Lord (David) Freud (pictured), retired minister for welfare reform at the DWP, has called for the government to bring the technology behind Universal Credit back in house. Speaking to a select committee last week about the project overall, he said he woudn’t change the structure of the project but conceded that “the implementation was harder than I’d expected”.
He said it hd been a bad mistake for all of government to send out all of its IT, in a process that started in the 1990s and 2000s. “You went to these big firms to build your IT, and I think that was a most fundamental mistake across government, and probably in governments across the Western world.”
DWP and others are now built on technology
It couldn’t have been forecast, when these systems were put into place, that IT would become so fundamental a piece of the government’s core functions. It had until recently been seen as something separate from the daily tasks.

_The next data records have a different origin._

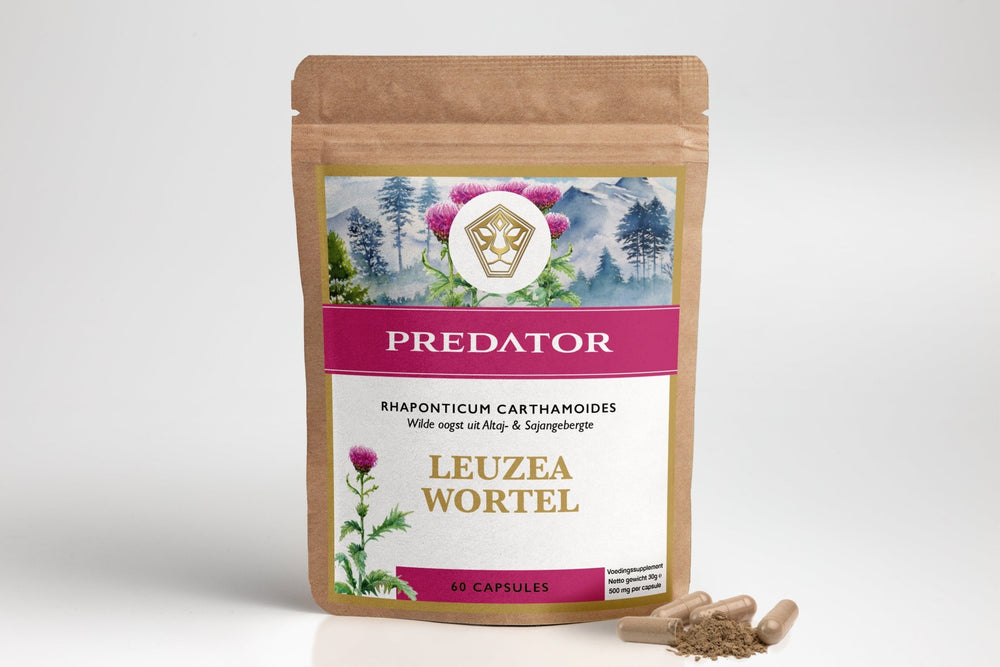 Nieuw: Leuzea Root Capsules - Muscle Builder - The Predators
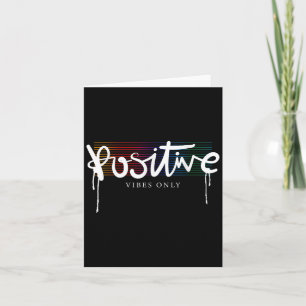Cool Goede Positieve Vibes Alleen Motivatie quotes Kaart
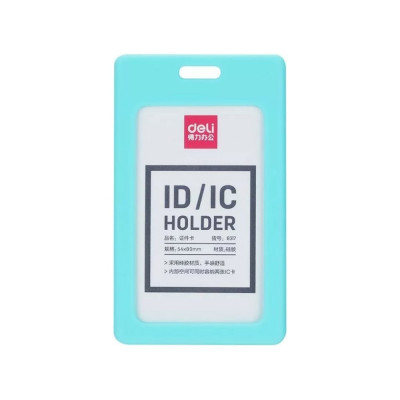 Вертикальный бейдж для пропуска DELI 8317 l-blue 1035303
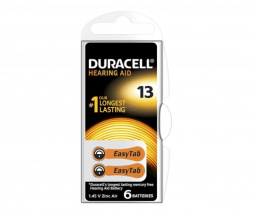 Duracell baterije za slušni aparat - tip 13 DA13N, 6 kos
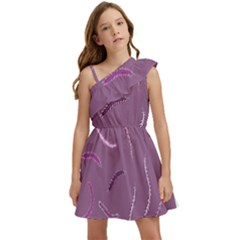 Feather Kids  One Shoulder Party Dress by nateshop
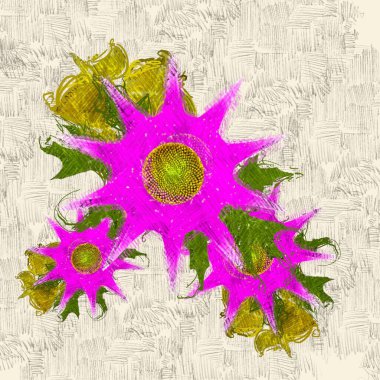 Çiçekli suluboya arkaplan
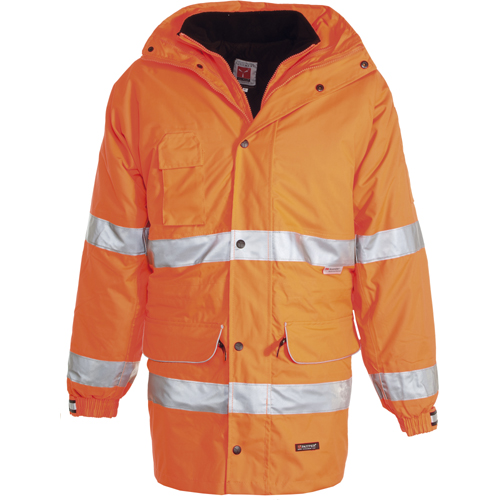 Parka four uses high visibility Airplus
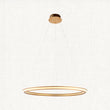 Ennie Ring Pendant in Satin Gold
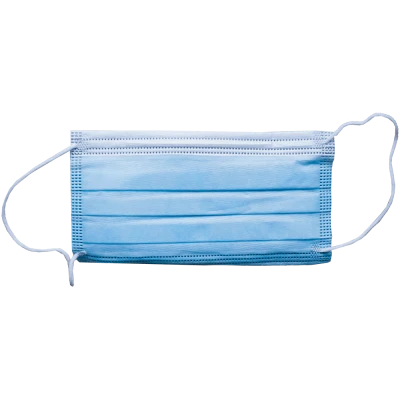 Masca medicala pentru protectie faciala, 3 pliuri, albastra, de unica folosinta
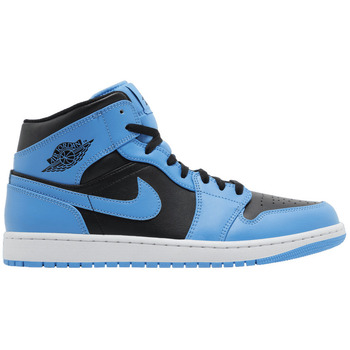 Nike Hoge Sneakers  Jordan 1 Mid University Blue Black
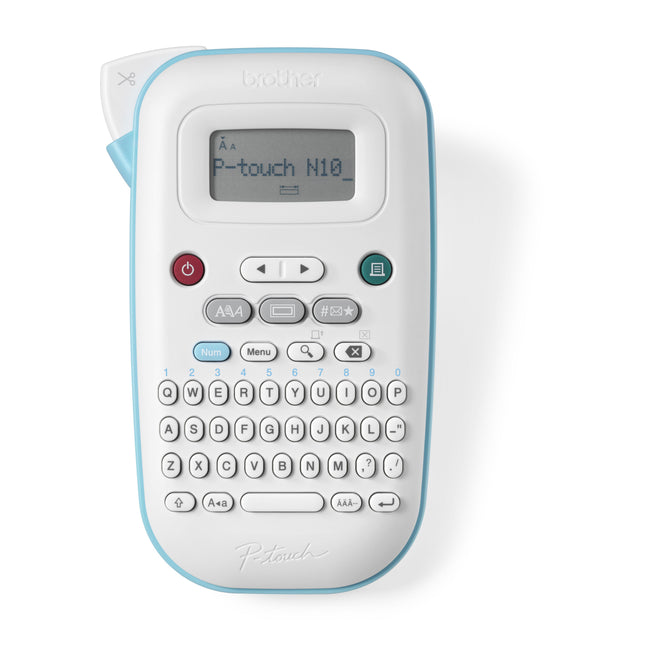 Brother - Etikettendrucker P-touch Btag PT-N10 tragbar qwerty 12mm weiß | 3 Stück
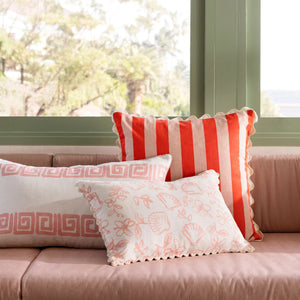 Cushion 60cm - Stripe Red Pink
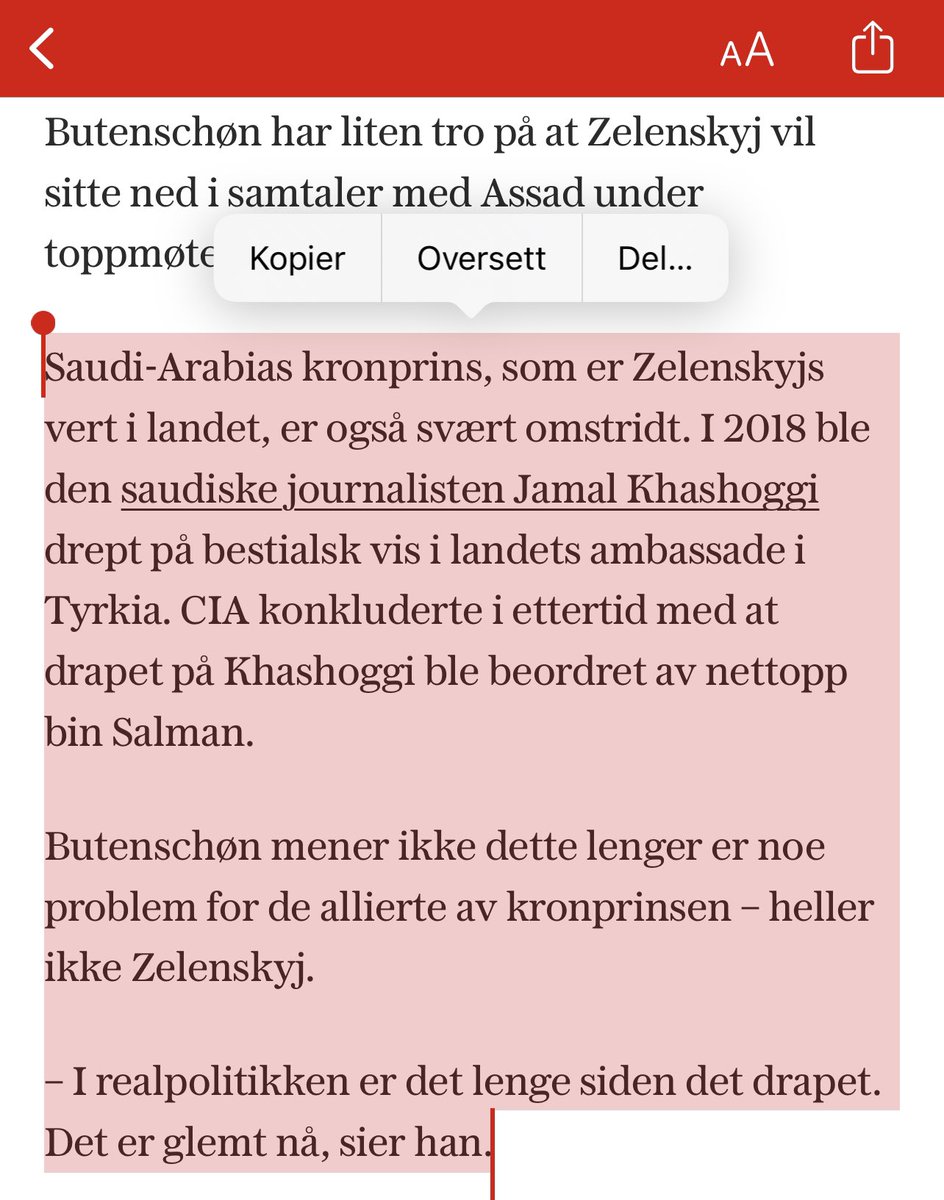 Erik Waatland (@retorikknerd) on Twitter photo Makteliten i Midtøsten har kanskje «glemt» det bestialske drapet på en uavhengig journalist, men det har ikke vi. #JamalKhashoggi <a href="/Mediebedriftene/">Mediebedriftene(MBL)</a> <a href="/Amnesty_Norge/">Amnesty Norway</a> Makteliten i Midtøsten har kanskje «glemt» det bestialske drapet på en uavhengig journalist, men det har ikke vi. #JamalKhashoggi <a href="/Mediebedriftene/">Mediebedriftene(MBL)</a> <a href="/Amnesty_Norge/">Amnesty Norway</a>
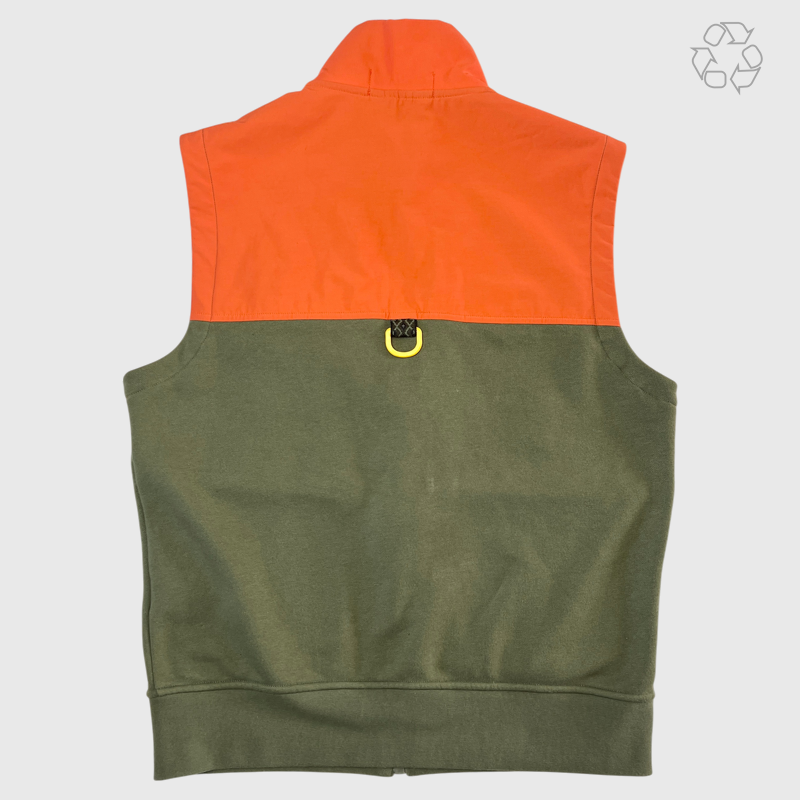 Polo Sport Hybrid Vest 'Orange/Olive Green' Size M Pre-Owned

“It’s a tool within a much bigger system, and if you get rid of it and lose control of it, you lose the ability to build the systems,” he said. The result was that the DWP’s department became a commissioning department and didn’t know how to do the IT itself, he added. “What we actually discovered through the process was that you actually had to bring the IT back on board, and that’s a massive task.”
Government failed to see the problem and only realised what had happened when it started trying to build rather than commission its own technology. “It’s no longer a lesson not just for the DWP, which has learning it and has taken it on board.”
He believed that the difficulties in building a big system and the government’s inability to have staff of its own accountable for continuity and delivery was likely to be behind an awful lot of the perceived failures in public service computing, as discussed by (for example) the Public Accounts Committee on several occasions and reported on New Statesman Technology.